Tuesday, May 15 will mark the first opportunity for citizens to hear about Buncombe County’s proposed budget for FY 2019.
The county’s proposed general fund budget for next year is $318,720,851, which marks a 3.6 percent ($12,014,537) decrease over last year’s budget, according to a summary document from County Manager Mandy Stone. The general fund fuels many of the county’s operating expenses, including general government, public safety, economic development, human services and education. The proposed budget also includes $107,849,894 in spending outside the general fund.
Stone said a change in the state child care subsidy policy shifted $8 million in direct assistance payments that previously flowed through the county to state administration, producing a corresponding decrease in county expenditures.
The proposed general fund budget maintains the current property tax rate of 53.9 cents. The county had initially considered decreasing the tax rate by one cent but changed course after hearing funding requests from Buncombe County Schools, Asheville City Schools and A-B Tech.
Funding for schools
The proposed budget includes a $3.4 million increase in funding for education, compared to the $4 million increase requested by Asheville City Schools, Buncombe County Schools and A-B Tech during a budget work session on May 8.
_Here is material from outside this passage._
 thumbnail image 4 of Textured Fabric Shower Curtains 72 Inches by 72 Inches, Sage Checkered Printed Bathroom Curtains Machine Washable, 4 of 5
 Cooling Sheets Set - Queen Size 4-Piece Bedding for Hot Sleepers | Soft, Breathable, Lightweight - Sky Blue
In the 2017-18 fiscal year, the Buncombe County School system received 64 percent of its funding from the state and 30 percent from local government.
Between fiscal year 2013 and fiscal year 2017, local government has increased its funding for the Buncombe County School system by 31 percent. Statewide, local government funding for schools has only increased by nine percent on average.
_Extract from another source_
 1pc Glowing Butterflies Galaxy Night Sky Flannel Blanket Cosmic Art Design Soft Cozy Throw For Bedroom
Over that same period, Buncombe County School’s state funding increased by 10 percent, while federal funding dropped by 32 percent.
“When you look at the state numbers and federal numbers, it’s a darn good thing that you do support us,” Tony Baldwin, the superintendent of the Buncombe County School system, told commissioners on May 8. “As a veteran administrator, I see that trend continuing. I think the dependence upon local funding will continue in this state.”
Local funding is also a fundamental part of the budget for the Asheville City School system. Administrators expect that 81 percent of the system’s 2018-19 budget will come from Buncombe County and the city of Asheville, with Buncombe County picking up the larger portion of the tab. City property owners pay a supplemental city schools tax in addition to their other city and county taxes.
The increased funding requested by the three school systems would help pay for state salary and benefit adjustments, textbooks, utilities, new staff positions to address behavioral health and programs designed to bolster the graduation rate.
Still in flux is whether the commissioners will approve increased tax rates for 12 out of the county’s 20 fire departments. If approved without change, the tax rate increases would amount to a total of $2.7 million in extra spending by the county.
County fire chiefs made the funding request during the work session on May 8. Several said they were requesting increases because they were losing fire fighters to departments that offer better pay. Departments also hope to secure more money for infrastructure and updated vehicles.
The FY2018-19 requests are as follows:
- Barnardsville: $0.16/$100 to $0.20/$100
- Broad River: $0.14/$100 to $0.16/$100
- East Buncombe: $.099/$100 to $0.12/$100
- Fairview: $0.105/$100 to $0.17/$100
- French Broad: $0.14/$100 to $0.165/$100
- North Buncombe: $0.112/$100 to $0.12/$100
- Reynolds: $0.113/$100 to $0.123/$100
- Riceville: $0.11/$100 to $0.128/$100
- Skyland: $0.091/$100 to $0.11/$100
- Swannanoa: $0.129/$100 to $0.14/$100
- Upper Hominy: $0.125/$100 to $0.145/$100
- West Buncombe: $0.12/$100 to $0.135/$100
County residents can offer input on the proposed budget during a public hearing at 5 p.m. on Tuesday, June 5, in the Board of Commissioners chamber on the third floor of 200 College St. in Asheville.
Residents can also learn more about the budget by visiting an interactive online portal created by the county.
The Board of Commissioners will meet at 5 p.m. on Tuesday, May 15, in the third floor conference room at 200 College St. in Asheville.